With the advent a few years ago of test-driven development (TDD, a.k.a. “test-first” development), people started parroting the phrase “TDD isn’t about testing, it’s about design” like a mantra. As is often the case when a phrase is repeated too many times, eventually (for some people anyway) this seems to have come to mean “(developer) testing isn’t about testing, it’s about design”, i.e. the testing part of developer testing isn’t that important.

This is wrong. One of the key practices that enables agile software development is the production and maintenance of a robust, thorough set of automated tests written and run often by developers. This set of tests allows developers to make frequent and significant code changes without causing unintended bugs in related code. This practice fundamentally enables software teams to “embrace change”.

It is true that writing code test-first adds another dimension to the benefits of the practice of automated testing, by focusing the developer on the design/interface of their code before they write the actual code. Thus, it is true that TDD, considered as an enhancement to plain old automated testing, is primarily an enhancement that addresses the issue of design. Nevertheless, the automated testing part of TDD is still very much about testing, testing that is a very important part of an agile team’s toolbox.
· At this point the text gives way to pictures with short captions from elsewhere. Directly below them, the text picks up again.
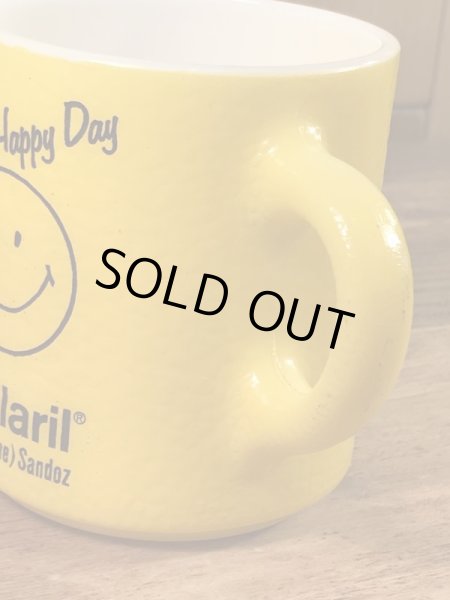 スマイルフェイスとHave A Happy Dayが描かれた70’sヴィンテージヘーゼルアトラスマグ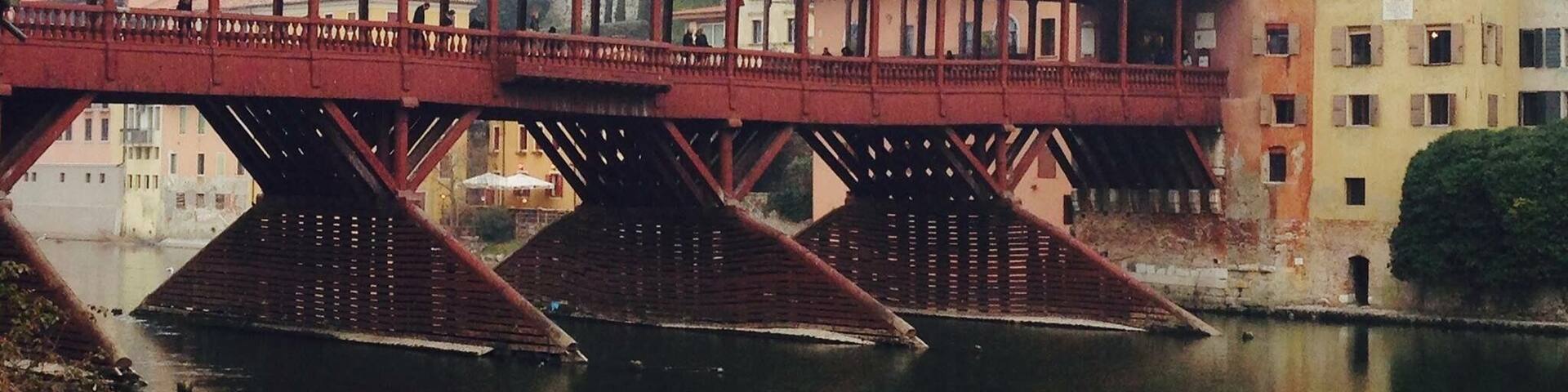 A red metal bridge over a river with buildings in the background.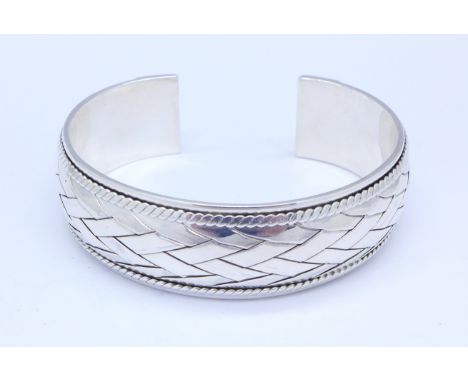 A silver bangle, 42g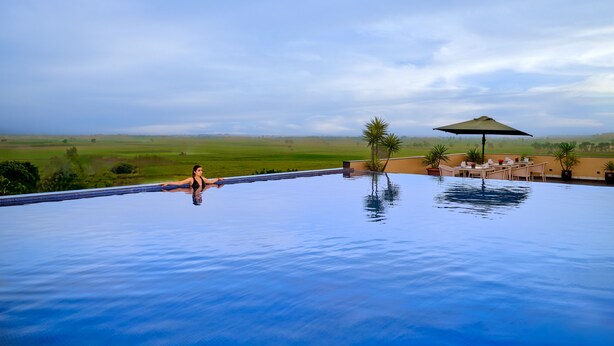 A pool with a view of a green field and a cloudy sky. - Best Western Country Woods Ambala (Shahabad)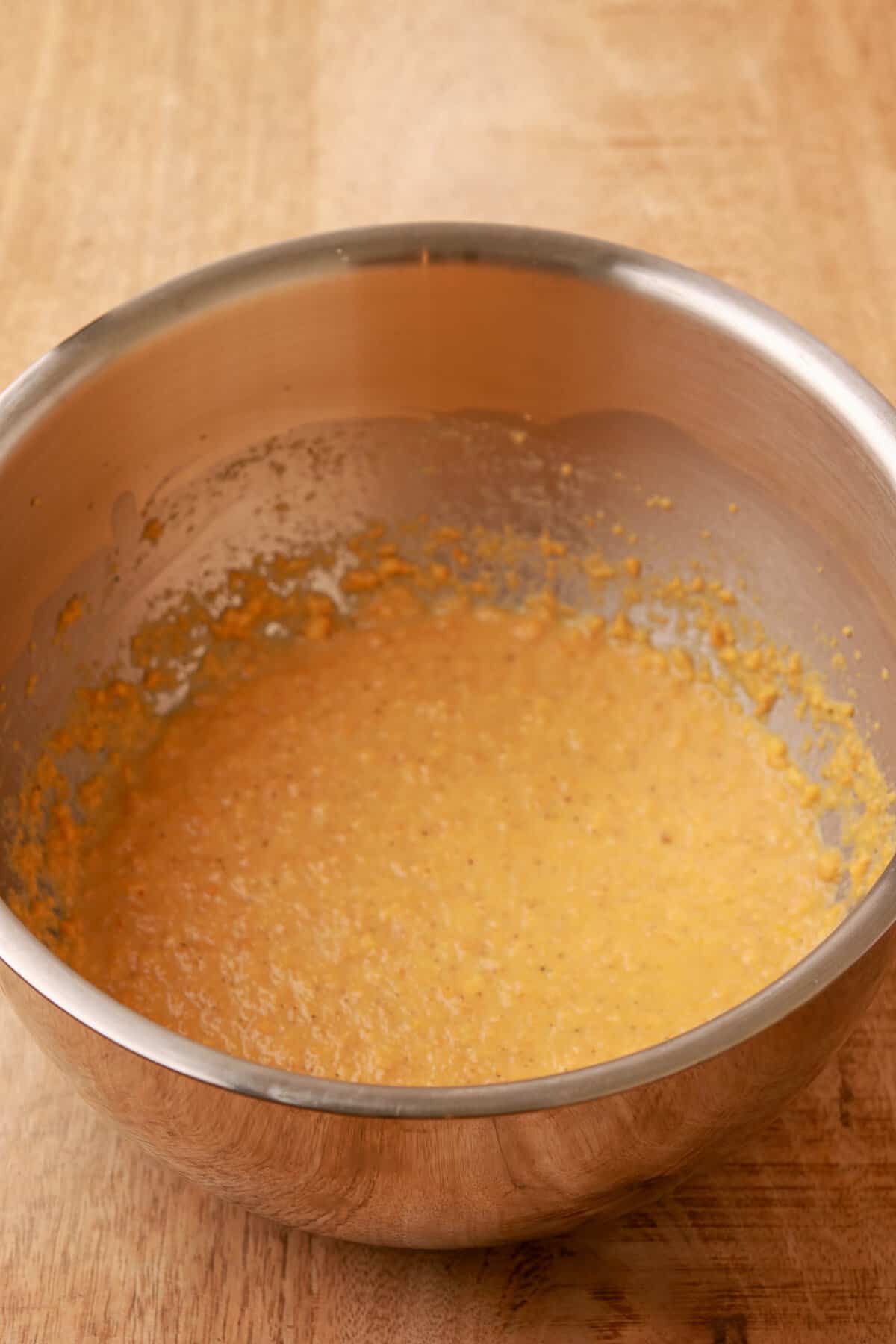 Eggs, milk, salt, pepper, and Chedz crumbs whisked in a glass bowl.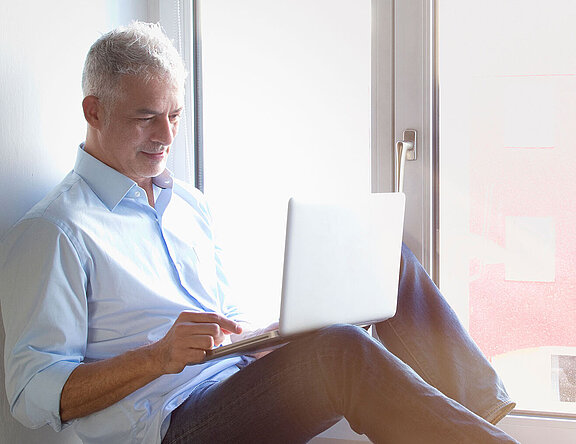 Mann am Fenster liest am Tablet über die Inspire-Therapie  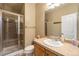 Well-lit bathroom featuring a glass-enclosed shower, vanity with a sink, and neutral-toned walls at 10705 Pinewalk Way, Highlands Ranch, CO 80130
Corollary: The primary criterion for evaluation of any approach to automated developer testing should be its ability to provide this robust, thorough test harness that protects against regression.

One Response to “Developer testing is not primarily about design”

  1. Steven Ashley Says:

    I couldn’t agree more, one more thing, care needs to be taken that the team isn’t “too close” when developing the tests. Personally, I have found, I can be to close to the code to adequately create tests for it, missing the forest because all the trees kept getting in the way.